Ее рука вцепилась в его длинные каштановые волосы, держа его голову так, чтобы она могла читать в его горячих голубых глазах. То, что она увидела там, заставило ее склонить лицо и прижаться к его груди.
— Когда-то ты говорил, что любишь меня. Ты помнишь это? В деревне ица, когда на меня собирались положить раскаленные угли?
— Я помню, — хрипло сказал он.
— Это было только для того, чтобы придать мне смелости, Мартин? Ты ведь именно для этого тогда так сказал?
Мартин Чандос не мог сопротивляться голоду и желанию. Ни одна женщина никогда не действовала на него так, как эта варварская ведьма, с ее широко раскрытыми глазами, дрожащим ртом и густыми черными волосами, пахнущими какими-то духами ица. Ее храбрость на марше от индейской деревни к шахтам, свирепость, с которой она бросалась на солдат в доспехах, рвение и неослабевающий дух, с которым она шла по щиколотку в гнилой растительности, и манера, с которой она отказывалась позволить тропической жаре ослабить ее, завоевали его восхищение. Однако же она подозревала, что он испытывает к ней нечто большее, чем просто восхищение. У Мартина Чандоса словно открылись глаза. Он сказал:
— Чтобы придать тебе смелости, черт меня побери?!Да разве какие-нибудь мои слова могут сделать еще ярче огонь, который уже горит в тебе? Я сказал, что люблю тебя. И я именно это и имел в виду!

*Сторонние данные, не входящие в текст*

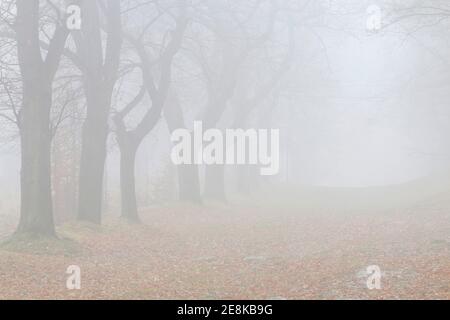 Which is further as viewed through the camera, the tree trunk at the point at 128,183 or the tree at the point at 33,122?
the tree trunk at the point at 128,183

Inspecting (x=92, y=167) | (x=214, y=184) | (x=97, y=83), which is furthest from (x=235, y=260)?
(x=214, y=184)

— А француженка? Селеста д’Ожерон?
Мысль о Селесте отрезвила его. Он слегка отстранился, и Лиззи, почувствовав, как он отстраняется, вздрогнула от охватившего ее страха.
— Я обещал жениться на ней, Лиззи.
Она вздохнула и поднялась. Он не видел ее лица, но видел, как напряглась ее спина. Он протянул руку, но она отошла к маленькому тюфяку из веток и листьев, который составлял ее постель.

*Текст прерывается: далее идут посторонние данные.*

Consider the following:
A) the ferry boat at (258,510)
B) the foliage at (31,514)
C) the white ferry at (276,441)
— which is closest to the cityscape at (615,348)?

Весь следующий день Мартин Чандос неотступно следовал за Лиззи, пытаясь улучить подходящий момент и объясниться. Ночью он долго лежал на спине, глядя в звездное небо, после того как она уснула. Он искал в своей душе ответ и пытался сделать выбор между данным им обещанием Селесте д’Oжерон и этим диким влечением плоти, которое побуждало его заключить Лиззи Холлистер в свои объятия. Но Лиззи не хотела его видеть. Она держалась особняком и отворачивалась, спеша уйти, когда он пытался что-то сказать.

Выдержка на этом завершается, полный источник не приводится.